Clarice entao olhou para aquela senhora que há anos a pedido da familia cuidava dela e de seu apartamento.
- O que achas que me falta para ser feliz? - perguntou Clarice.
E na simplicidade de sua bondade a senhora respondeu:
- Parar de olhar pela janela, as portas também se abrem querida.
Com indiferença e sem nada balbuciar, voltou seu olhar para a janela, abriu a lata de cerveja, acendeu outro cigarro, depois mais outro e mais outros. Não houve mais movimento algum naquela rua durante varias horas.
A senhora já havia ido para sua casa, Clarice ja havia perdido a noção das horas perdida em seus pensamentos. Estava só, no escuro a fumar e beber como sempre.
Ali ficou até começar a amanhecer.
Conforme a luz foi iluminando o ambiente, percebeu que a senhora esqueceu a porta principal do apartamento aberta.
- Há anos não vejo esse corredor - pensou Clarice - tudo que preciso me trazem, tudo que peço me dão a mão.
Entao Clarice, com seus 29 anos de idade levantou-se, fechou a janela, pegou um agasalho e calçou um tenis.
- Há anos nao solto meu cabelo - pensou Clarice, e os soltou deixando os cachos castanhos cairem sobre seus ombros.
Foi caminhando em direção a porta, estremecendo, suando frio. Ao pisar na soleira de entrada sentiu-se nauseada, fechou os olhos azuis e deu o primeiro passo, depois o segundo, o terceiro, respirando fundo e lentamente.
Abriu seus olhos.
- Gostava mais do tom de verde das paredes do corredor de tres anos atras.
Cada degrau que descia, parecia sentir um prego entrando em seus pés, alcançou o portão do predio e o abriu. Sentiu a brisa fria da manha ainda nao nascida do sul no inverno.
Correu por dois quarteirões e vislumbrou o mar.
Subitamente lembrou-se que deixara a porta do apartamento e o portao do predio abertos e isso a fez sorrir. Sentou-se na areia fina e lembrou-se de Abigail, a senhora que dela cuidava.
- O que será que ela vai pensar quando chegar e nao me encontrar em casa?

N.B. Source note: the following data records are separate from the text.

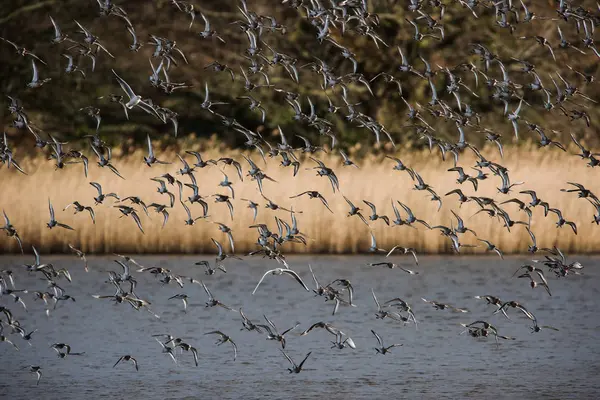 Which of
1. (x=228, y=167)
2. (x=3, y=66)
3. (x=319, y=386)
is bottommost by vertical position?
(x=319, y=386)

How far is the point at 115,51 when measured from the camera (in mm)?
30453

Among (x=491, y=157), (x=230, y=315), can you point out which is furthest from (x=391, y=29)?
(x=230, y=315)

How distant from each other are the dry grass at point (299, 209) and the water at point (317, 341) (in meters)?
0.47

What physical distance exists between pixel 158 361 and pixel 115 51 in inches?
753

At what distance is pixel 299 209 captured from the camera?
20359 millimetres

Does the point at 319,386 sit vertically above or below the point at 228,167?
below

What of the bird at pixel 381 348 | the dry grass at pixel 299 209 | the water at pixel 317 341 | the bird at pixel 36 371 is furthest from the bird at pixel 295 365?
the dry grass at pixel 299 209

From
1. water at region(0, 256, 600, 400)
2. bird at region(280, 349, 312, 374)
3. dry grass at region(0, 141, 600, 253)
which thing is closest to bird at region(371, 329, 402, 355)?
water at region(0, 256, 600, 400)

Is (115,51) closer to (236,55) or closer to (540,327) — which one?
(236,55)

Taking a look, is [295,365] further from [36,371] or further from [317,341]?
[36,371]

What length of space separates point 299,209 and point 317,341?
281 inches

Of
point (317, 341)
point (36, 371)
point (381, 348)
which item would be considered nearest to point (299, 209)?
point (317, 341)

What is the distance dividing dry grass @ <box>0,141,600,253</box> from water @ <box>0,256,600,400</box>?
472mm

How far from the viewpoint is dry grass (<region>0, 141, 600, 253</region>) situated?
771 inches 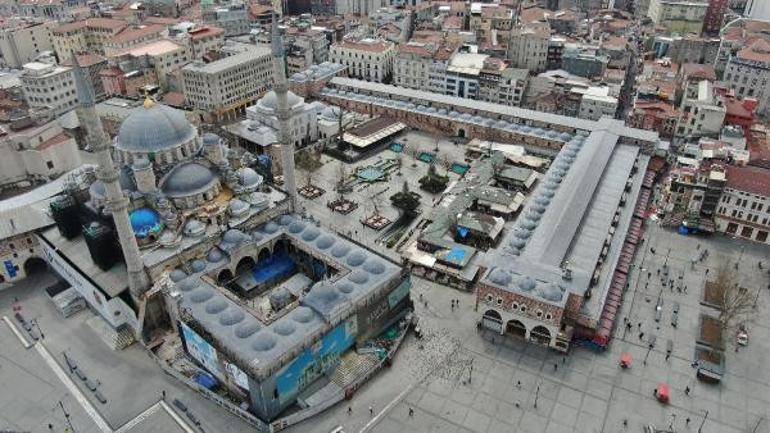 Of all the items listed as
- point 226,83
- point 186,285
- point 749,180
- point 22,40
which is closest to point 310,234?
point 186,285

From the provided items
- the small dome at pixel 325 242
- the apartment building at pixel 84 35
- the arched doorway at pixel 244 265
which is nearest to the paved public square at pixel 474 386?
the small dome at pixel 325 242

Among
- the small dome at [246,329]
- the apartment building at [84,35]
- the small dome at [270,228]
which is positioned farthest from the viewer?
the apartment building at [84,35]

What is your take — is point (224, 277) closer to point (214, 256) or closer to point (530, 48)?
point (214, 256)

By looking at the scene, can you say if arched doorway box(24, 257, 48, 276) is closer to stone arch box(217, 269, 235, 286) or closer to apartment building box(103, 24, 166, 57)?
stone arch box(217, 269, 235, 286)

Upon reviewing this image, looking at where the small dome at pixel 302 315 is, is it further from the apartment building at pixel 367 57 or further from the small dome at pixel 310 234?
→ the apartment building at pixel 367 57

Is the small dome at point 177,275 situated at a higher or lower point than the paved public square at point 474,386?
higher

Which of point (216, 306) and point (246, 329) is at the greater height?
point (246, 329) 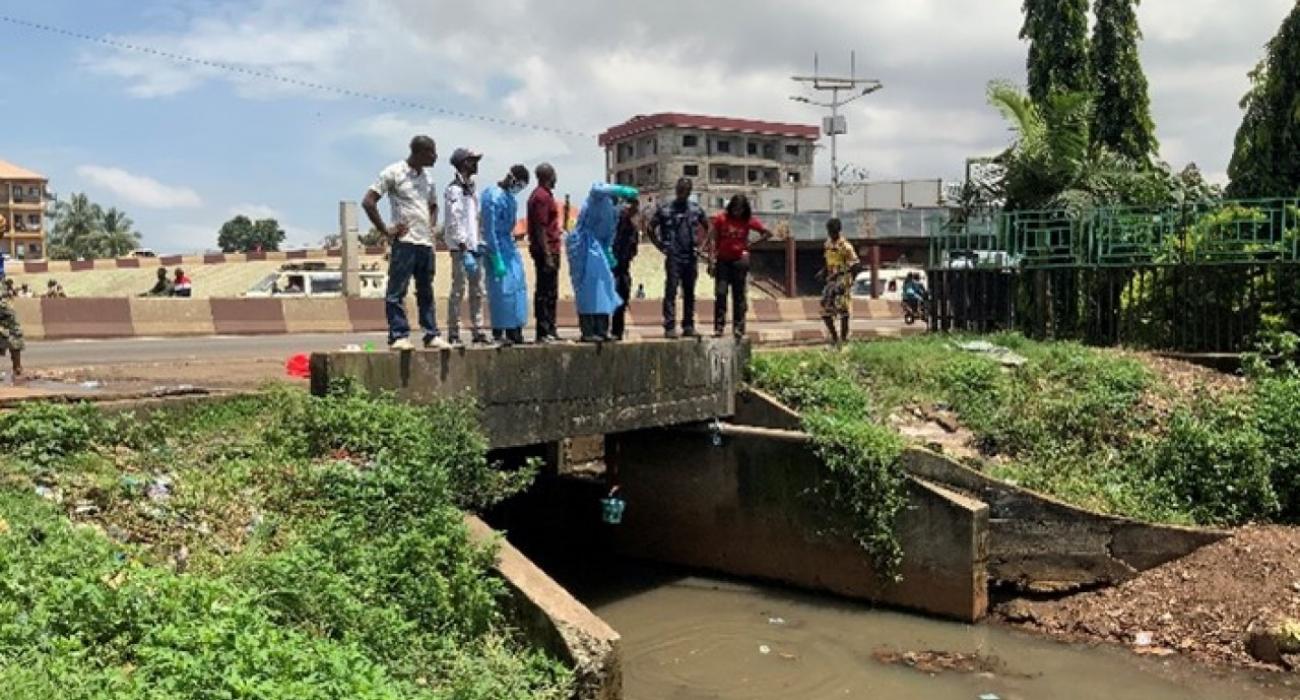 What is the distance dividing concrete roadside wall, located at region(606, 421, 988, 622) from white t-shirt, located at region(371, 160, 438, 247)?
4.38m

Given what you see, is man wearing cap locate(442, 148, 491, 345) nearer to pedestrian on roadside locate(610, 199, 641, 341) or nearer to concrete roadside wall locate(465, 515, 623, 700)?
pedestrian on roadside locate(610, 199, 641, 341)

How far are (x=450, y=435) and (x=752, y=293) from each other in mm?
36116

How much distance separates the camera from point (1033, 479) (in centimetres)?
1094

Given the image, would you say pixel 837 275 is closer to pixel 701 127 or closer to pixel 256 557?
Answer: pixel 256 557

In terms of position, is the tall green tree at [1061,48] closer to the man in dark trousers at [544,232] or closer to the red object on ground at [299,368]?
the man in dark trousers at [544,232]

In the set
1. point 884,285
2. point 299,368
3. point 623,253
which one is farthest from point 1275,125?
point 884,285

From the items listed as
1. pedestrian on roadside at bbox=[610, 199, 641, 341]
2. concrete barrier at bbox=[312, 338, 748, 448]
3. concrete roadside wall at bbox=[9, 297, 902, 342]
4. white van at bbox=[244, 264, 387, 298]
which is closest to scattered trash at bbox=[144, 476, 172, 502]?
concrete barrier at bbox=[312, 338, 748, 448]

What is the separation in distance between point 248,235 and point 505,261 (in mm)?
97706

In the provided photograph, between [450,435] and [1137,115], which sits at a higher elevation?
[1137,115]

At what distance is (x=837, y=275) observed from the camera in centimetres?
1431

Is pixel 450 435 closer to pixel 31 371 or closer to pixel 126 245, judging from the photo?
pixel 31 371

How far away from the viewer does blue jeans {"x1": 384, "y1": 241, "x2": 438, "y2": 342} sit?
320 inches

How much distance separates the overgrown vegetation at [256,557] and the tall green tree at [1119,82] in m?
19.1

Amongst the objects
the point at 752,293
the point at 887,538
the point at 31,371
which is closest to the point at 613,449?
the point at 887,538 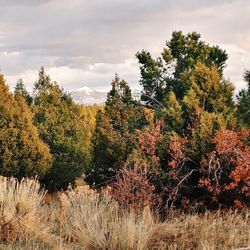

Clarice respirou profundamente, nao lembrava mais do cheiro do mar e ali sentada, depois de anos sentindo-se prisioneira, viu o milagre do sol nascendo.
- Quero mais disso todos os dias.
E no seu intimo sentiu que mesmo todas as portas estando fechadas, sua mente finalmente se abrira para o recomeço.
Lembrei-me agora de uma mensagem que recebi em sonho de um certo cavaleiro.
"Se nada fizeres por ti, chegará a hora que farão por você, talvez nem perceberás, mas chegará o momento em que não será a ti permitido ficar imóvel, vivendo em um mundo em constante movimento."
Clarice? Voltou para sua janela ao entardecer, às vezes sai de manhã para seu lugar preferido que se chama mar.